* [Exercise directions]: Go to the line holding "Saint Laurent Drape" in the data below. Return it and each line after it through the last, exactly, and skip the pictures.
[Supplied records]
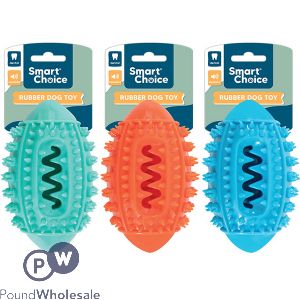 Smart Choice Squeaky Spiky Treat Dispensing Rugby Ball 14cm Assorted Colours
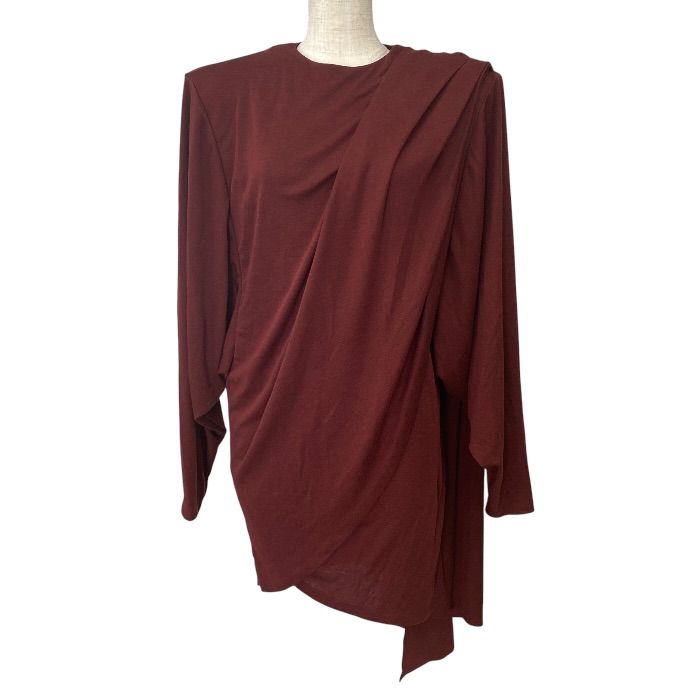 Saint Laurent Drape Mini Dress Shoulder Padded Long Sleeve Cles Wool 36: Mode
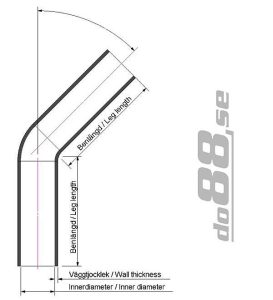 ท่อยางซิลิโคน ข้องอ 60 องศา do88 สีดำ ขนาด 1.75-2 นิ้ว (45-51 มม.)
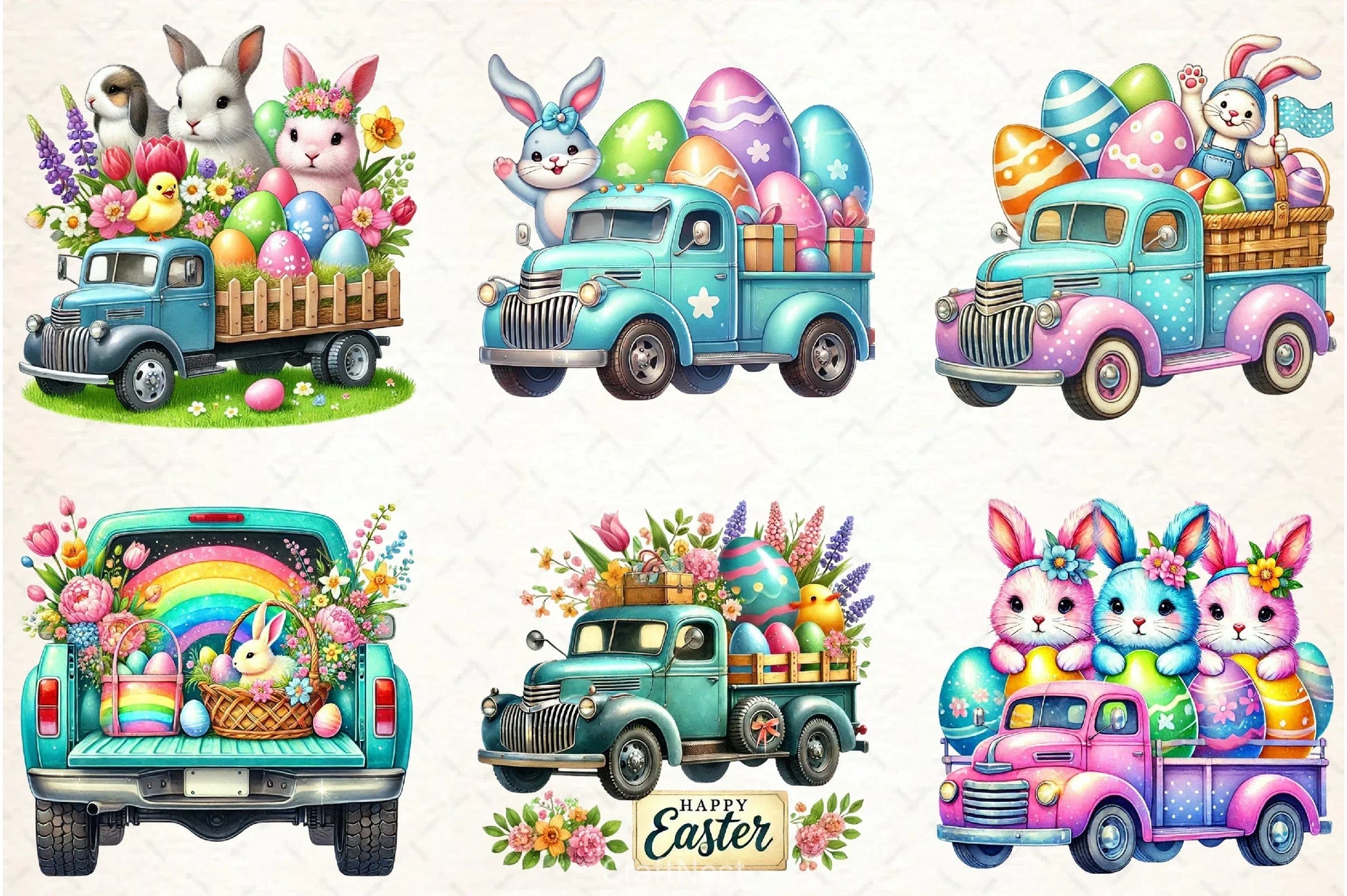 Easter Bunny Truck Clipart Bundle 3 - CraftNest - Digital Crafting and Art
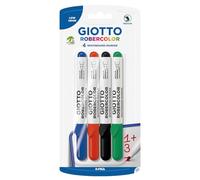 GIOTTO Robercolor, Set di 4 pennarelli a punta media, ideali per uso scolastico, ufficio e creativo, blister, colori assortiti: blu, rosso, nero, verde, 4 pezzi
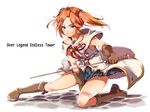  aqua_eyes blade copyright_name file_(ole_tower) gloves hair_ornament hairclip jewelry mataichi_mataro necklace ole_tower orange_hair short_twintails solo twintails 
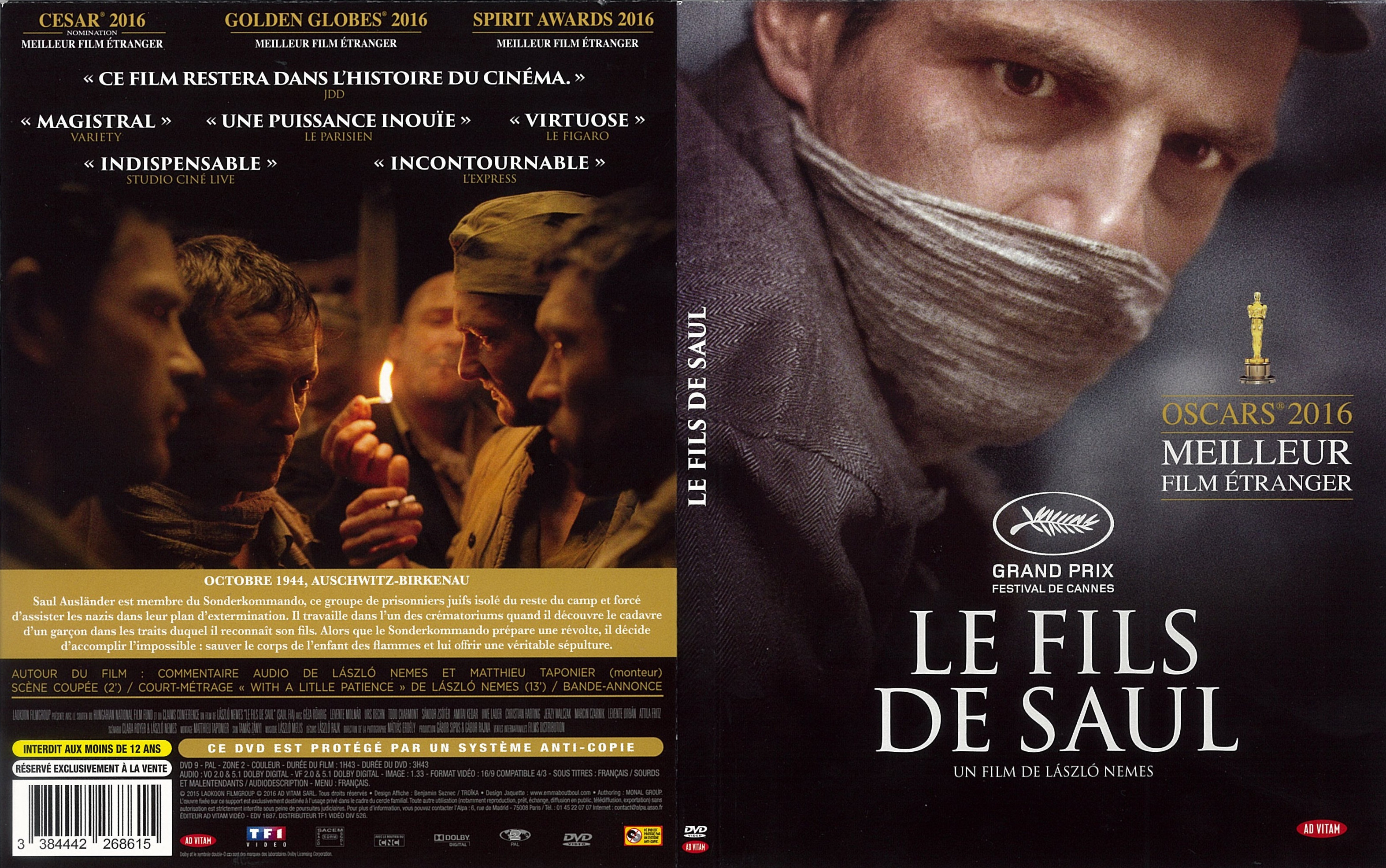 Jaquette DVD Le Fils de Saul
[/Supplied records]
* [Exercise response]:
 Saint Laurent Drape Mini Dress Shoulder Padded Long Sleeve Cles Wool 36: Mode
 ท่อยางซิลิโคน ข้องอ 60 องศา do88 สีดำ ขนาด 1.75-2 นิ้ว (45-51 มม.)
 Easter Bunny Truck Clipart Bundle 3 - CraftNest - Digital Crafting and Art
 GIOTTO Robercolor, Set di 4 pennarelli a punta media, ideali per uso scolastico, ufficio e creativo, blister, colori assortiti: blu, rosso, nero, verde, 4 pezzi
  aqua_eyes blade copyright_name file_(ole_tower) gloves hair_ornament hairclip jewelry mataichi_mataro necklace ole_tower orange_hair short_twintails solo twintails 
 Jaquette DVD Le Fils de Saul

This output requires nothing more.